Highest Common Factor of 64, 622, 300, 267 using Euclid's algorithm

Created By : Jatin Gogia

Reviewed By : Rajasekhar Valipishetty

Last Updated : Apr 06, 2023


HCF Calculator using the Euclid Division Algorithm helps you to find the Highest common factor (HCF) easily for 64, 622, 300, 267 i.e. 1 the largest integer that leaves a remainder zero for all numbers.

HCF of 64, 622, 300, 267 is 1 the largest number which exactly divides all the numbers i.e. where the remainder is zero. Let us get into the working of this example.

Consider we have numbers 64, 622, 300, 267 and we need to find the HCF of these numbers. To do so, we need to choose the largest integer first and then as per Euclid's Division Lemma a = bq + r where 0 ≤ r ≤ b

Highest common factor (HCF) of 64, 622, 300, 267 is 1.

HCF(64, 622, 300, 267) = 1

HCF of 64, 622, 300, 267 using Euclid's algorithm

Highest common factor or Highest common divisor (hcd) can be calculated by Euclid's algotithm.

HCF of:

Highest common factor (HCF) of 64, 622, 300, 267 is 1.
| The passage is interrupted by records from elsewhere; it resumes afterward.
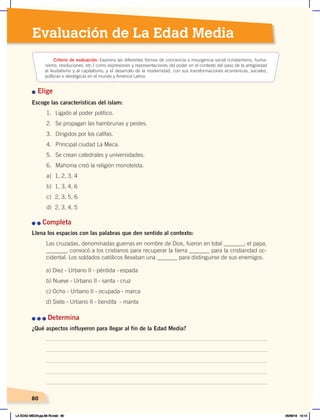 80
80
Evaluación de La Edad Media
n Elige
Escoge las características del islam:
n	n	Completa
Llena los espacios con las palabras que den sentido al contexto:
Las cruzadas, denominadas guerras en nombre de Dios, fueron en total _______; el papa,
_______, convocó a los cristianos para recuperar la tierra _______ para la cristiandad oc-
cidental. Los soldados católicos llevaban una _______ para distinguirse de sus enemigos.
n	n	n	Determina
¿Qué aspectos influyeron para llegar al fin de la Edad Media?
Criterio de evaluación: Examina las diferentes formas de conciencia e insurgencia social (cristianismo, huma-
nismo, revoluciones, etc.) como expresiones y representaciones del poder en el contexto del paso de la antigüedad
al feudalismo y al capitalismo, y el desarrollo de la modernidad, con sus transformaciones económicas, sociales,
políticas e ideológicas en el mundo y América Latina.
80
a) Diez - Urbano II - pérdida - espada
b) Nueve - Urbano II - santa - cruz
c) Ocho - Urbano II - ocupada - marca
d) Siete - Urbano II - bendita - manta
1. Ligado al poder político.
2. Se propagan las hambrunas y pestes.
3. Dirigidos por los califas.
4. Principal ciudad La Meca.
5. Se crean catedrales y universidades.
6. Mahoma creó la religión monoteísta.
a) 1, 2, 3, 4
b) 1, 3, 4, 6
c) 2, 3, 5, 6
d) 2, 3, 4, 5
LA EDAD MEDIA;pp.58-79.indd 80 05/06/18 10:14
 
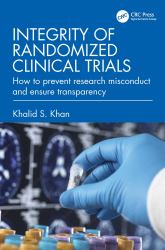 Clinical Trial Integrity : How to Ensure Transparency and Prevent Scientific Misconduct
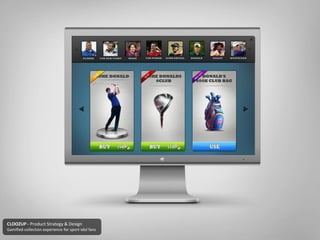 CLOOZUP - Product Strategy & Design
Gamified collection experience for sport-idol fans
 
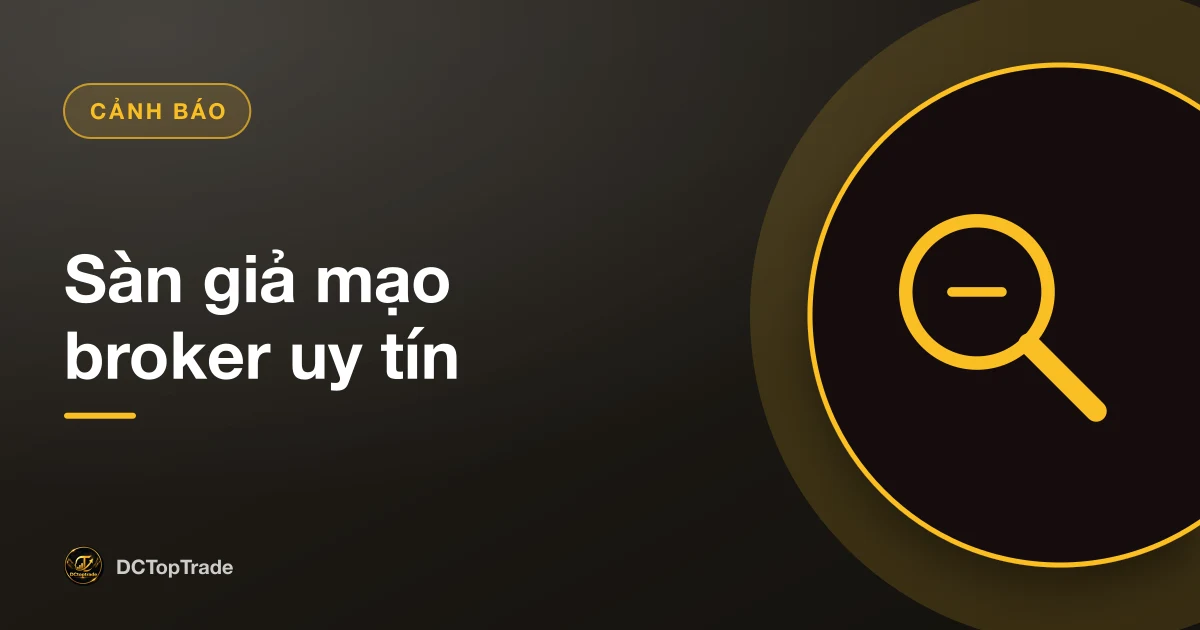 Sàn giả mạo broker uy tín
Highest Common Factor of 64,622,300,267 using Euclid's algorithm

Highest Common Factor of 64,622,300,267 is 1

Step 1: Since 622 > 64, we apply the division lemma to 622 and 64, to get

622 = 64 x 9 + 46

Step 2: Since the reminder 64 ≠ 0, we apply division lemma to 46 and 64, to get

64 = 46 x 1 + 18

Step 3: We consider the new divisor 46 and the new remainder 18, and apply the division lemma to get

46 = 18 x 2 + 10

We consider the new divisor 18 and the new remainder 10,and apply the division lemma to get

18 = 10 x 1 + 8

We consider the new divisor 10 and the new remainder 8,and apply the division lemma to get

10 = 8 x 1 + 2

We consider the new divisor 8 and the new remainder 2,and apply the division lemma to get

8 = 2 x 4 + 0

The remainder has now become zero, so our procedure stops. Since the divisor at this stage is 2, the HCF of 64 and 622 is 2

Notice that 2 = HCF(8,2) = HCF(10,8) = HCF(18,10) = HCF(46,18) = HCF(64,46) = HCF(622,64) .


We can take hcf of as 1st numbers and next number as another number to apply in Euclidean lemma

Step 1: Since 300 > 2, we apply the division lemma to 300 and 2, to get

300 = 2 x 150 + 0

The remainder has now become zero, so our procedure stops. Since the divisor at this stage is 2, the HCF of 2 and 300 is 2

Notice that 2 = HCF(300,2) .


We can take hcf of as 1st numbers and next number as another number to apply in Euclidean lemma

Step 1: Since 267 > 2, we apply the division lemma to 267 and 2, to get

267 = 2 x 133 + 1

Step 2: Since the reminder 2 ≠ 0, we apply division lemma to 1 and 2, to get

2 = 1 x 2 + 0

The remainder has now become zero, so our procedure stops. Since the divisor at this stage is 1, the HCF of 2 and 267 is 1

Notice that 1 = HCF(2,1) = HCF(267,2) .

HCF using Euclid's Algorithm Calculation Examples

Frequently Asked Questions on HCF of 64, 622, 300, 267 using Euclid's Algorithm

1. What is the Euclid division algorithm?

Answer: Euclid's Division Algorithm is a technique to compute the Highest Common Factor (HCF) of given positive integers.

2. what is the HCF of 64, 622, 300, 267?

Answer: HCF of 64, 622, 300, 267 is 1 the largest number that divides all the numbers leaving a remainder zero.

3. How to find HCF of 64, 622, 300, 267 using Euclid's Algorithm?

Answer: For arbitrary numbers 64, 622, 300, 267 apply Euclid’s Division Lemma in succession until you obtain a remainder zero. HCF is the remainder in the last but one step.